ASSIGNMENT> Below are the records. Retype exactly the lines between the lines holding "anime_eyes anthro blep" and "Herren Outdoor Lässig", inclusive.

Dataset records:

——————

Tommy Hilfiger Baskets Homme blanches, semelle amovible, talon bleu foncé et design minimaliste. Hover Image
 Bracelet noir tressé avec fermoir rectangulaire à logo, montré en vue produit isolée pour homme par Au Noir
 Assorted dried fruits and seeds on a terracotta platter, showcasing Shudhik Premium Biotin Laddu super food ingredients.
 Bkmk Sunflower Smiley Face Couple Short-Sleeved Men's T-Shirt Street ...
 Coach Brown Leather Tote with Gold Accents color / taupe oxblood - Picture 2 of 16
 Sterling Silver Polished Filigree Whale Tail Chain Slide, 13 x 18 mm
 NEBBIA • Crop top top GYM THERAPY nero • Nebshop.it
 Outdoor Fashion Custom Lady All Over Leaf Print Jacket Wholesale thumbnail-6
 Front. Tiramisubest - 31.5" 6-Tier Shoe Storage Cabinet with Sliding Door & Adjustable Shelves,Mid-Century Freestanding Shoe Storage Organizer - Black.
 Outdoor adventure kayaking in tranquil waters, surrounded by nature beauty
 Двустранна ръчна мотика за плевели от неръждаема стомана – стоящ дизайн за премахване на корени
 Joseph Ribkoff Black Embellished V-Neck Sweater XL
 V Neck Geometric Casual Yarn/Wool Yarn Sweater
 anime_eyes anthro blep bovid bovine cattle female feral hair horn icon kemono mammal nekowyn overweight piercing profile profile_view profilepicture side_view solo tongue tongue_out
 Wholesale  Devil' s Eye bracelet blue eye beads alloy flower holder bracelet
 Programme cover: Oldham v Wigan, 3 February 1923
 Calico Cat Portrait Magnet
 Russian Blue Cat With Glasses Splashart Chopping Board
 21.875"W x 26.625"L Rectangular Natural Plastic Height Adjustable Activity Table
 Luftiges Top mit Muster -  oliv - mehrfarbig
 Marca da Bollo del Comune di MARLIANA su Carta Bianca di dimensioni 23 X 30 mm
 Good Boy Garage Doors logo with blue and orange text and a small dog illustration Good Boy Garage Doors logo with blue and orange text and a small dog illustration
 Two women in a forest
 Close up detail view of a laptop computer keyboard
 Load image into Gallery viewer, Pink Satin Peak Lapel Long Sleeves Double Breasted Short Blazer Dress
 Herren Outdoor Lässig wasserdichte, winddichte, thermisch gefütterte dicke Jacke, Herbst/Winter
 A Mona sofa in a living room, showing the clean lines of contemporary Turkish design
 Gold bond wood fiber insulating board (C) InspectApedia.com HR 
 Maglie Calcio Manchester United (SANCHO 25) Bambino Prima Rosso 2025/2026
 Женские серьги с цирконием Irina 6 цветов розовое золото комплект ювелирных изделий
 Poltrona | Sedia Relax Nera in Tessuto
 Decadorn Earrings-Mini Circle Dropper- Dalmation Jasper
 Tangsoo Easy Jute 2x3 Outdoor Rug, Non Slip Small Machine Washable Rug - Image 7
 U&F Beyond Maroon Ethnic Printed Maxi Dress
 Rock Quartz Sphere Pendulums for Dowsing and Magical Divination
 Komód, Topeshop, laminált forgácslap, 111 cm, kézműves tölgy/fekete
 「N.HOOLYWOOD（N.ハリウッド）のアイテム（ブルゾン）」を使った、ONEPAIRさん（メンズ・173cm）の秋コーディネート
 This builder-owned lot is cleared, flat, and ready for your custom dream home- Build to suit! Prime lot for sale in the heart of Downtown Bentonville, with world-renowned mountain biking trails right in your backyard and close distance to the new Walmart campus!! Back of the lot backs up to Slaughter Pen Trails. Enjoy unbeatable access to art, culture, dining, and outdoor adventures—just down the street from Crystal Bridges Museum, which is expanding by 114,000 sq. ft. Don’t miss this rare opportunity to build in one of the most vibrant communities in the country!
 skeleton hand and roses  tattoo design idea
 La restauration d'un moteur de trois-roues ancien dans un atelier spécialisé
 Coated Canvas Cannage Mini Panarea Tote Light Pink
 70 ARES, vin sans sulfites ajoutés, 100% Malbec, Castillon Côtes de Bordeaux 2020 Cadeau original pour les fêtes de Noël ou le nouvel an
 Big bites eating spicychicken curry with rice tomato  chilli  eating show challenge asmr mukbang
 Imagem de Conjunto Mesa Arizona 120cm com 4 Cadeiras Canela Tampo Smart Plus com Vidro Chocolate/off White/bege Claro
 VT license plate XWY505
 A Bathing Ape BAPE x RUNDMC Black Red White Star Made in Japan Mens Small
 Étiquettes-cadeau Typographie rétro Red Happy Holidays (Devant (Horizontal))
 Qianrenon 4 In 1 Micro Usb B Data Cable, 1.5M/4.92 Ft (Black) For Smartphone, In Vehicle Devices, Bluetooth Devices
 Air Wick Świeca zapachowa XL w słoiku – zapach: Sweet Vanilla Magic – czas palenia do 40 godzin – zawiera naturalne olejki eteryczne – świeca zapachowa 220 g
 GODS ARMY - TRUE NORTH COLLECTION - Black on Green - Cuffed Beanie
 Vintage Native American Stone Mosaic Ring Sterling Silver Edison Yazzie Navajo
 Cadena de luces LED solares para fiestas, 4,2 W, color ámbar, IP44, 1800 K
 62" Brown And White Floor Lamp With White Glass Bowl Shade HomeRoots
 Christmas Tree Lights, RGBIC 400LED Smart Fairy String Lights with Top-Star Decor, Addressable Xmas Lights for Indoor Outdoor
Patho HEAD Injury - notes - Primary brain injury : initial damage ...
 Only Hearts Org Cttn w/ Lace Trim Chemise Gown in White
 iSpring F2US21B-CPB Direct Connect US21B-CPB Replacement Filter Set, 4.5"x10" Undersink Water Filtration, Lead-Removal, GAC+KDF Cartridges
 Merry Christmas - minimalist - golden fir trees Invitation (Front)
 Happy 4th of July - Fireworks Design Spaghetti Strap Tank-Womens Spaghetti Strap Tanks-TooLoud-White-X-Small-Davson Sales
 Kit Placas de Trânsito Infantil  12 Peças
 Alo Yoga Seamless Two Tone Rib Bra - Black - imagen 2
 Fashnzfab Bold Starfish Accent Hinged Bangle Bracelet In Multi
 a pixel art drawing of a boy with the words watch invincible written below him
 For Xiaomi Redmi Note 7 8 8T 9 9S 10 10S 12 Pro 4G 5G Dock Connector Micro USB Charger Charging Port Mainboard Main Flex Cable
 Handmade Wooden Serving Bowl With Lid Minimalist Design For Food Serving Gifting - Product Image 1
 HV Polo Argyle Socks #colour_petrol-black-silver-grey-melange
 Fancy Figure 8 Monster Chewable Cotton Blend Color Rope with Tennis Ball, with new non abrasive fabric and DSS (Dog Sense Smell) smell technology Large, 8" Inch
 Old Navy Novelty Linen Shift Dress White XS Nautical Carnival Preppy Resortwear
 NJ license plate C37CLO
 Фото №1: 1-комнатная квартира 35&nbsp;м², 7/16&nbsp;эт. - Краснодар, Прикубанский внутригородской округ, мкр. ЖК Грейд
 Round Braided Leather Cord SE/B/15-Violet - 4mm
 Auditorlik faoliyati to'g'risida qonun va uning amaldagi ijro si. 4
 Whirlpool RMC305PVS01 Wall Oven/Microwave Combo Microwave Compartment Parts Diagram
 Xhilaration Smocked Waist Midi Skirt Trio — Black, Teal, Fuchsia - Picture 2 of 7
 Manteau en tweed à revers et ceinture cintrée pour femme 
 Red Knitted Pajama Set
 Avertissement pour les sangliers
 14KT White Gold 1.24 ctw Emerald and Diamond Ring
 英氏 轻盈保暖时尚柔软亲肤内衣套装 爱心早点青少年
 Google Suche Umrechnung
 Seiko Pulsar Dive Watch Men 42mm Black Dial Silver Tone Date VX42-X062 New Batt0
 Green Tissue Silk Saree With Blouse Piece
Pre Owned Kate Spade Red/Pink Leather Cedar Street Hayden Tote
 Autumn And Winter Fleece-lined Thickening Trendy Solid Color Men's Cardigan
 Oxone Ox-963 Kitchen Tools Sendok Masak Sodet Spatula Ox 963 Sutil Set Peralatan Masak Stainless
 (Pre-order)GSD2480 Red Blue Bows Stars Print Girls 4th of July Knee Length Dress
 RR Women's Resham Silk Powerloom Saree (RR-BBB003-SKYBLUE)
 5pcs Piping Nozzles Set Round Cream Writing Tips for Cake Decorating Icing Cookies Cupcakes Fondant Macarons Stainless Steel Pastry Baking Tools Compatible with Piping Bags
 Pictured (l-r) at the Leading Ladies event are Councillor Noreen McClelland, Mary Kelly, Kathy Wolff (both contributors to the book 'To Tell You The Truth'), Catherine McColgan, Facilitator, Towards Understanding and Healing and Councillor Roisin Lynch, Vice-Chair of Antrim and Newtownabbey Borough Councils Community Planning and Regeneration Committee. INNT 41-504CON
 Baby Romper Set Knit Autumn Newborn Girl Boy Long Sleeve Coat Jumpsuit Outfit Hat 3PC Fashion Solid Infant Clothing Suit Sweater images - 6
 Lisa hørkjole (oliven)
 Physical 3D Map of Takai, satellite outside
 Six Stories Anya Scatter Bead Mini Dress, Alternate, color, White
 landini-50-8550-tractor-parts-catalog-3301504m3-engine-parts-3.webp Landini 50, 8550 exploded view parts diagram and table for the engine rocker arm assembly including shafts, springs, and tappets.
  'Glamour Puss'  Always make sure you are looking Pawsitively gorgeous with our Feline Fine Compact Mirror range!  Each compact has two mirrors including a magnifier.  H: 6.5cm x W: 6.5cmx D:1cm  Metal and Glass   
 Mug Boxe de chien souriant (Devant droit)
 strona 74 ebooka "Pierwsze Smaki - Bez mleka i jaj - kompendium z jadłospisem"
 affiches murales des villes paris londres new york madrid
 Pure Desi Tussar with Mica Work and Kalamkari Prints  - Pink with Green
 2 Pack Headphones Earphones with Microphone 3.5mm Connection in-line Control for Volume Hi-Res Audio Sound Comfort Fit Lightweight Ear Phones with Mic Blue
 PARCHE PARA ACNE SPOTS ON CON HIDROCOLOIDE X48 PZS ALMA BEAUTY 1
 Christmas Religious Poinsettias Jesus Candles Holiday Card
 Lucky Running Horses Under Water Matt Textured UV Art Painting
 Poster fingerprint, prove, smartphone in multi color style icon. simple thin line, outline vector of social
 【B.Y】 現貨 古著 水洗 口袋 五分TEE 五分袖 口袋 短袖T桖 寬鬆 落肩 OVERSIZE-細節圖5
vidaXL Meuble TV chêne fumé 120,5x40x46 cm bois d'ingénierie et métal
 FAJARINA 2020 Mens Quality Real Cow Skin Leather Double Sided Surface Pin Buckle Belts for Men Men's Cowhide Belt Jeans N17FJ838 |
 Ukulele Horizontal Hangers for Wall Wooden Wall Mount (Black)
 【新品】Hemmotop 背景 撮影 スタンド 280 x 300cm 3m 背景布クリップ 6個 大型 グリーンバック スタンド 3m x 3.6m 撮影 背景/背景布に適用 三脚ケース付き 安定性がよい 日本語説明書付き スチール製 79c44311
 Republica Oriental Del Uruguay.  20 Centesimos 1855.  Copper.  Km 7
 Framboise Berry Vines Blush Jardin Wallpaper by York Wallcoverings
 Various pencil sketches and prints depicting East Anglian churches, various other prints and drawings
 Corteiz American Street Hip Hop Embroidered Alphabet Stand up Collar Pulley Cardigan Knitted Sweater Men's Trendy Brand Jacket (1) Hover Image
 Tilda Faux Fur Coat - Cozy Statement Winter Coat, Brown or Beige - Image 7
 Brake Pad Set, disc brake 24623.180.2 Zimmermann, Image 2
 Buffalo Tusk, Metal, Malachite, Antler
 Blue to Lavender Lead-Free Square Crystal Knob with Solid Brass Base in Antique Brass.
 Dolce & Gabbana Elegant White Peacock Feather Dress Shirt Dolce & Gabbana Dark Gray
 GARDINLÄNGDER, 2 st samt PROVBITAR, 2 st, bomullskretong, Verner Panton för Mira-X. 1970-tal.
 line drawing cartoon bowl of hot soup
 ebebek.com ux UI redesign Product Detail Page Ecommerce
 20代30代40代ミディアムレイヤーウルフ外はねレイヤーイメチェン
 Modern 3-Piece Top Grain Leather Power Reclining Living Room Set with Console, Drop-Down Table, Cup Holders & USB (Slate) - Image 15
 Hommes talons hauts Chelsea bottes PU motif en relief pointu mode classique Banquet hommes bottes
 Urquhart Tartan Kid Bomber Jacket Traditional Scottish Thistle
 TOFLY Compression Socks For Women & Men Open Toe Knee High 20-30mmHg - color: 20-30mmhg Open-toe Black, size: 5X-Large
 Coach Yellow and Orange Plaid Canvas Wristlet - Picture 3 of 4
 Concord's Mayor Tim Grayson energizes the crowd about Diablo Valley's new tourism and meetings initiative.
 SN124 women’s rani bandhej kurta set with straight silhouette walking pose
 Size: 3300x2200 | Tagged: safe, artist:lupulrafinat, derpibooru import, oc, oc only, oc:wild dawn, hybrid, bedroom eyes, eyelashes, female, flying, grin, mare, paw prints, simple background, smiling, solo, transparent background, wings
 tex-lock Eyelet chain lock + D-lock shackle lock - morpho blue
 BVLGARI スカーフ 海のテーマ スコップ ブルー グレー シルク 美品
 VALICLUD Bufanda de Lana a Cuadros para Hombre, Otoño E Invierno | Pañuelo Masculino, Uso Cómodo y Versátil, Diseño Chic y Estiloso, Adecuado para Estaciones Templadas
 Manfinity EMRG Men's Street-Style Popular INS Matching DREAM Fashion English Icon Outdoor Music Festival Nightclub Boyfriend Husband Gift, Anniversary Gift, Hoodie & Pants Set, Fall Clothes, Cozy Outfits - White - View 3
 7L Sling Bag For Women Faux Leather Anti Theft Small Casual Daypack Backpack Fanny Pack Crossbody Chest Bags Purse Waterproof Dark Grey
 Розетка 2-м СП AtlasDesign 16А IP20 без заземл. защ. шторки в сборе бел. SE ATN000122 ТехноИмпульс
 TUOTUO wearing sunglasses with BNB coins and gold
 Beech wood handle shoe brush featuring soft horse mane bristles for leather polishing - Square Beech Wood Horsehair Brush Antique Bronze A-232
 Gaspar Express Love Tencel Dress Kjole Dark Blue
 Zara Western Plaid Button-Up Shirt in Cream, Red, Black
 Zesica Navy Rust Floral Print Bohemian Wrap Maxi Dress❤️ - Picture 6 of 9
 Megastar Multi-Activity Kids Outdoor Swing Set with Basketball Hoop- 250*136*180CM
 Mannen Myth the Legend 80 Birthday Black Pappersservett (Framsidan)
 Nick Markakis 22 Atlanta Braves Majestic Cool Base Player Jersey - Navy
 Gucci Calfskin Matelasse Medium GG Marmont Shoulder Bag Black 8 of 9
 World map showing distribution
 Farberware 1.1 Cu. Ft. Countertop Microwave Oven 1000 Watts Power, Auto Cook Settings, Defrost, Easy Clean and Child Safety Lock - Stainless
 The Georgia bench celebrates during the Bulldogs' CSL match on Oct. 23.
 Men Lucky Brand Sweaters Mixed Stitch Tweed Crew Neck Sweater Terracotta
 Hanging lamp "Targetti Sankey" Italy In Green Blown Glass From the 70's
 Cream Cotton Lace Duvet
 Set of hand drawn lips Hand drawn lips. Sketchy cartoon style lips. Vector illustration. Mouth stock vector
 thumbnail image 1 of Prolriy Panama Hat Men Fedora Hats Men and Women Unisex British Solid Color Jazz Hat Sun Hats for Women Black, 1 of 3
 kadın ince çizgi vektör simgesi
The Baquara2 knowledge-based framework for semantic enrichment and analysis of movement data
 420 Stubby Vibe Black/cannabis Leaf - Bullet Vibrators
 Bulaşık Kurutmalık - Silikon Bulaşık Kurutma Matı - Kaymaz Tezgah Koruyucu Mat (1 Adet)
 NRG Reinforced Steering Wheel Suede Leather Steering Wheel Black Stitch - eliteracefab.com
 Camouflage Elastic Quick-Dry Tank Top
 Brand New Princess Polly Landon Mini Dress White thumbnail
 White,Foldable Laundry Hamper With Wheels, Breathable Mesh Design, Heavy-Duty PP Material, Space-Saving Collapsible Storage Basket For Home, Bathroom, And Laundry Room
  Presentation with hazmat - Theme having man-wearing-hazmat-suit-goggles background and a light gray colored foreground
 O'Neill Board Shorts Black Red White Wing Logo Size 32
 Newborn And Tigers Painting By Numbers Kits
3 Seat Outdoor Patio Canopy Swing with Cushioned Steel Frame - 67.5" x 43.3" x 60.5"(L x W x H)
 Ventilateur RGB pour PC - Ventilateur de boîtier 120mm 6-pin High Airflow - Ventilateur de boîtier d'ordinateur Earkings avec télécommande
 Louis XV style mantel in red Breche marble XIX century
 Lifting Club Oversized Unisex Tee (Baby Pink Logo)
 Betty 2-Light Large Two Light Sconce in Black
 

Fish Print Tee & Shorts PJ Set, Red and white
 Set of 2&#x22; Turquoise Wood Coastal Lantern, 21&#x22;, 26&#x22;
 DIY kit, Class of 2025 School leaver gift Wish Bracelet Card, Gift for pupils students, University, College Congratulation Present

——————

SOLUTION TO THIS EXERCISE>
 anime_eyes anthro blep bovid bovine cattle female feral hair horn icon kemono mammal nekowyn overweight piercing profile profile_view profilepicture side_view solo tongue tongue_out
 Wholesale  Devil' s Eye bracelet blue eye beads alloy flower holder bracelet
 Programme cover: Oldham v Wigan, 3 February 1923
 Calico Cat Portrait Magnet
 Russian Blue Cat With Glasses Splashart Chopping Board
 21.875"W x 26.625"L Rectangular Natural Plastic Height Adjustable Activity Table
 Luftiges Top mit Muster -  oliv - mehrfarbig
 Marca da Bollo del Comune di MARLIANA su Carta Bianca di dimensioni 23 X 30 mm
 Good Boy Garage Doors logo with blue and orange text and a small dog illustration Good Boy Garage Doors logo with blue and orange text and a small dog illustration
 Two women in a forest
 Close up detail view of a laptop computer keyboard
 Load image into Gallery viewer, Pink Satin Peak Lapel Long Sleeves Double Breasted Short Blazer Dress
 Herren Outdoor Lässig wasserdichte, winddichte, thermisch gefütterte dicke Jacke, Herbst/Winter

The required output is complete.